* What the task asks:
Restate the lines exactly, starting at the line that contains "Rommet har godt" and finishing with the final line of the records.

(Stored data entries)
= Beginning of Section =

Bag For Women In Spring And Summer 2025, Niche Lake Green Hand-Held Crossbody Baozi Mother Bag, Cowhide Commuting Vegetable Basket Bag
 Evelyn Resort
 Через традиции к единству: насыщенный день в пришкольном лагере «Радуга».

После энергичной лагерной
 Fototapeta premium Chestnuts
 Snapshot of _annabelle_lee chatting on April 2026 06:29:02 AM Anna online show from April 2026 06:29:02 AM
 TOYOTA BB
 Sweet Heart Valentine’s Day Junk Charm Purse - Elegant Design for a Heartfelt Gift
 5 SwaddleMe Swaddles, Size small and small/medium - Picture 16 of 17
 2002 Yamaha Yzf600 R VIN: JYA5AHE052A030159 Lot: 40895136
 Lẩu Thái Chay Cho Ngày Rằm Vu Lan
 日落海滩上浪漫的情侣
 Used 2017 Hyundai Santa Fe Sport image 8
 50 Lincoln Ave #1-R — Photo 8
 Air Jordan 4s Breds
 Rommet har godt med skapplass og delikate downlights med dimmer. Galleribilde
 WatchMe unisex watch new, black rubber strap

= End of Section =

* Task solution:
 Rommet har godt med skapplass og delikate downlights med dimmer. Galleribilde
 WatchMe unisex watch new, black rubber strap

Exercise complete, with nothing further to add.